The cohort default rate measures the proportion of students who defaulted within two years of entering the repayment period. In 2008, the cohort default rate at for-profit institutions was 11.6 percent; in 2009, it was 15 percent. At public institutions, the default rate increased from 6 percent to 7.2 percent; at private universities, it increased from 4 percent to 4.6 percent. Taken together, these figures indicate an overall faster rise in default rates.
For recent college graduates, the consequences of defaulting could stay with them for years. A default could severely impact their credit rating, making it far more difficult for them to buy a car or house, or even rent an apartment and get a job.
Why the Increase?
James R. Kvaal, deputy under secretary of education, noted two trends. With the unemployment rate at 9.1 percent and no new jobs added in August, the economic outlook for students remains gloomy. Kvaal specifically cited a “strong correlation between student-loan default rates and unemployment rates, as well as credit-delinquency rates.” Second, he pointed out that growth in for-profit colleges has pushed up the default rate overall:
In fact, more than half of the total increase in the number of defaulters from 2008 to 2009 arose from the for-profit sector. There were 81,000 more defaulters in 2009 than in 2008, and 49,000 of them, or about 60 percent, came from the for-profit side.
Debbie Cochrane, a program director at the Institute for College Access & Success, notes that, while it is hard to single out one reason that more students are defaulting on their loans, “allegations of deceptive or fraudulent recruiting practices in the sector, including misrepresenting college graduation rates to potential students to encourage them to enroll and take out loans.”
As Mark Kantrowitz, publisher of FinAid, a site with information on student aid, points out, for-profit colleges should not necessarily be singled out for the rise in the student default rate. For-profit colleges typically enroll more low-income students who are less likely to graduate; students who fail to graduate are three times as likely to default on their loans.

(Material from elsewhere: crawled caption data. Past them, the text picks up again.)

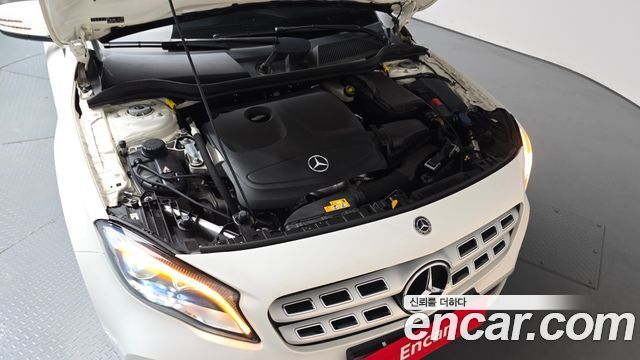 Mercedes-Benz GLA-Class GLA220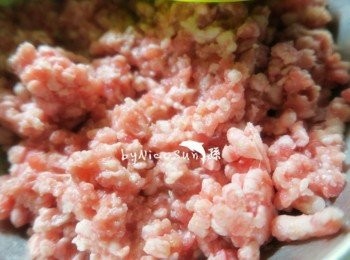 step1: 絞肉加入太白粉.糖.鹽.鮮味炒手.糖.白胡椒.五香粉.拌勻.放冷凍30分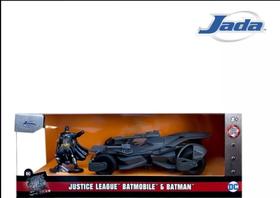 Miniatura Carro Batmóvel Liga da Justiça - c/ Figura - DC - 1:32 - Jada Toys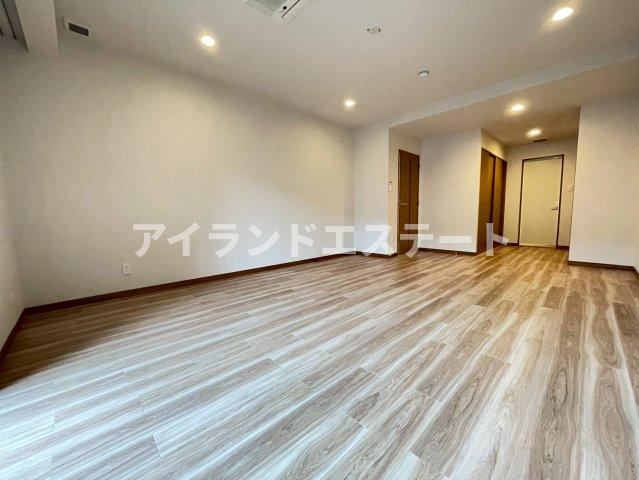 ガーデン東が丘-W　ペット相談　トランクルーム　の内装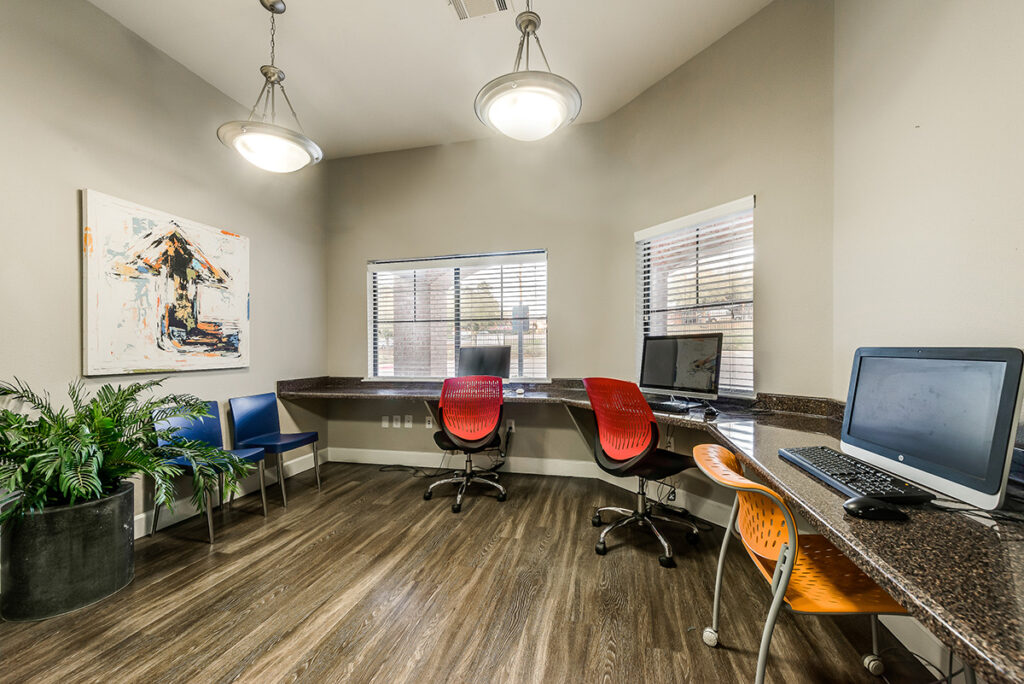 campus-edge-at-huntsville-apartments9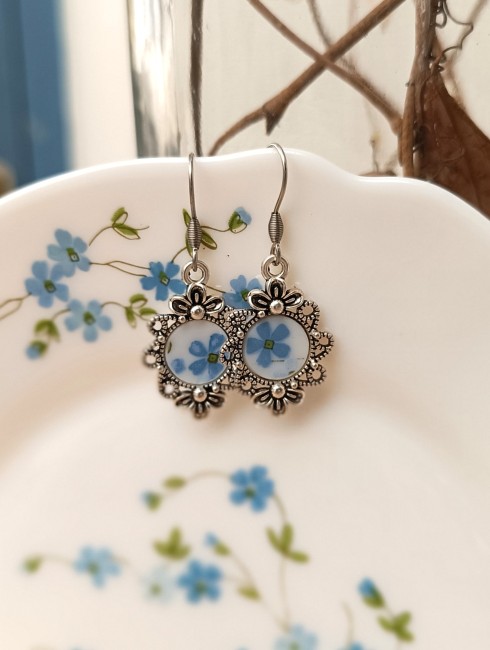 Boucles d'oreilles Myosotis réalisées à partir d'une assiette Arcopal recyclée au célèbre décor de petites fleurs bleues.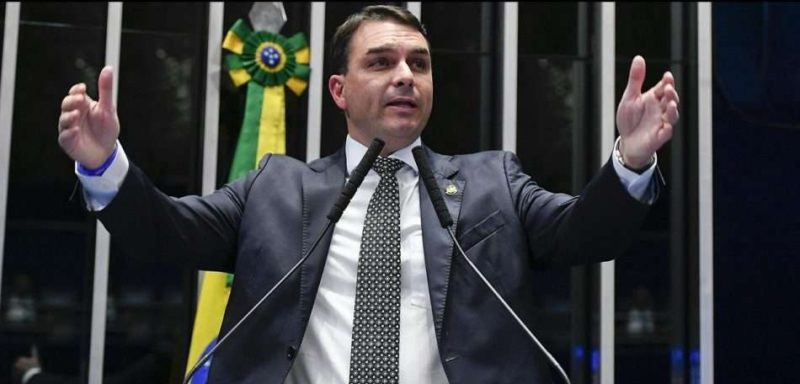 flavio, bolsonaro, fundo, advogados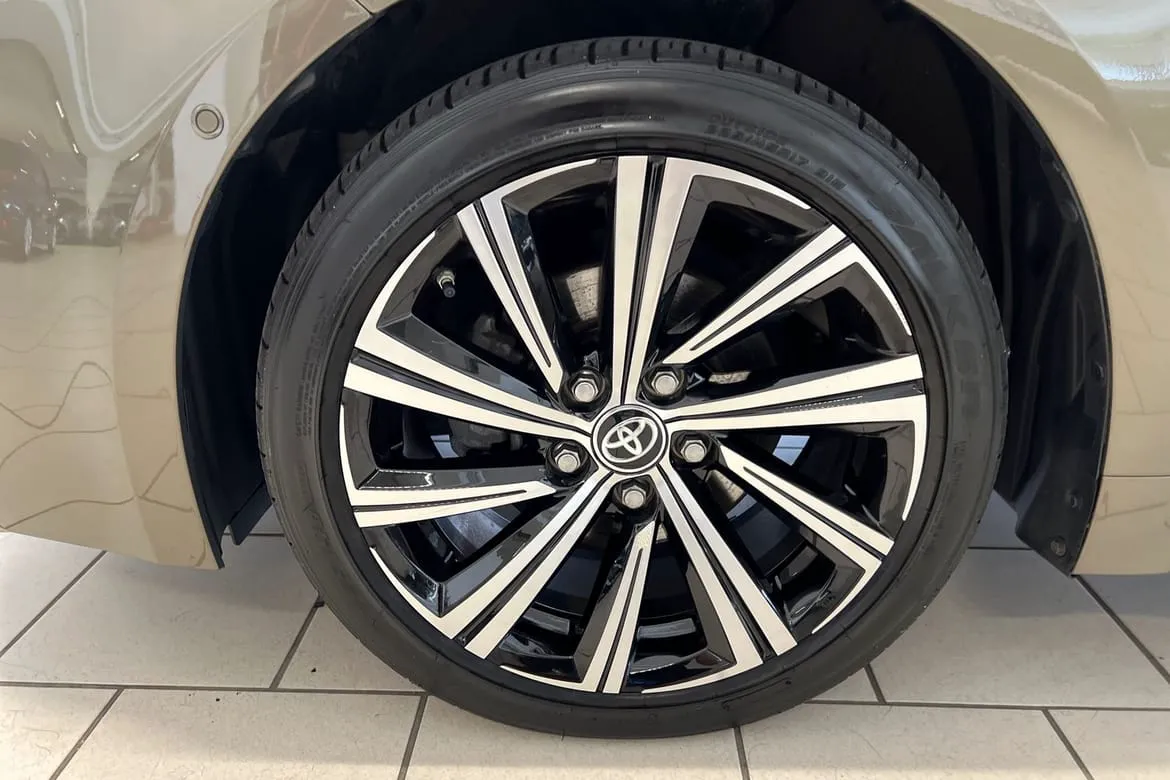 Vehicle image 16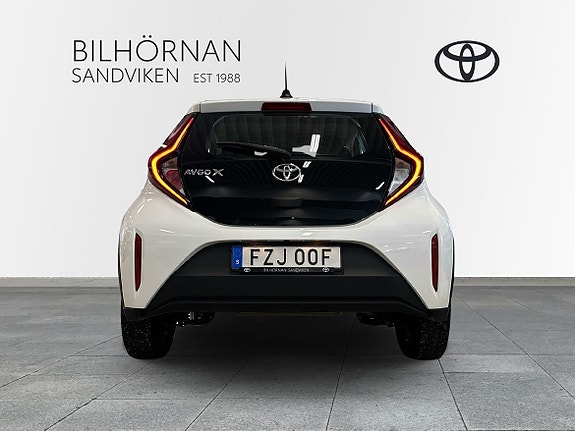 Toyota Aygo X 5 of 13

A Little Known Program Could Help Borrowers
As the New York Times says, a recent study by the Institute for Higher Education Policy has found that, for every student who defaults, two more fall behind in their payments. Only 37 percent of borrowers who started to pay back their loans in 2005 were able to do so on time, the study found. An income-based repayment program that began in 2009 could help many borrowers who are unemployed or earning little, but it is not widely used:
Under the program, borrowers who pay 15 percent of their discretionary income for 25 years — 10 years if they are in public service — can have the rest of their federal student loan debt forgiven; in 2014, that will go down to paying 10 percent of discretionary income for 20 years.
“In the age of income-based repayment, there is no reason for a student to default, since even a payment of zero dollars is acceptable payment, if you have zero discretionary income,” Ms. Cochrane said. “But as of April of this year, only about 350,000 borrowers have entered income-based payment, a small subset of the eligible population. Students need to understand the options, colleges need to share the information, and the department needs to make it as easy as possible for students to enroll.”
Community Colleges Receiving Less State and Federal Funding
Another report, “Trends in College Spending, 1999-2009,” by the Delta Coast Project, “paints a picture of higher education in the United States as an enterprise that is turning increasingly to tuition increases to fill financing gaps—a trend that fuels students’ and parents’ unease about the cost of higher education.” The report, says the Chronicle of Higher Education, finds that community colleges have been the hardest hit by a downturn in educational spending. With growing enrollments and less support from state and federal sectors, community colleges saw their funding for educational and related activities shrink by 3.4 percent from 2008 to 2009. Any “new money” that is coming into higher education is coming from tuition and student fees.
Mindful of the importance of a college degree, students who don’t have the funds on hand for tuition have no choice but to take out loans — and if there are no jobs for them after they finish college, they face the likelihood of joining the ranks of borrowers who default.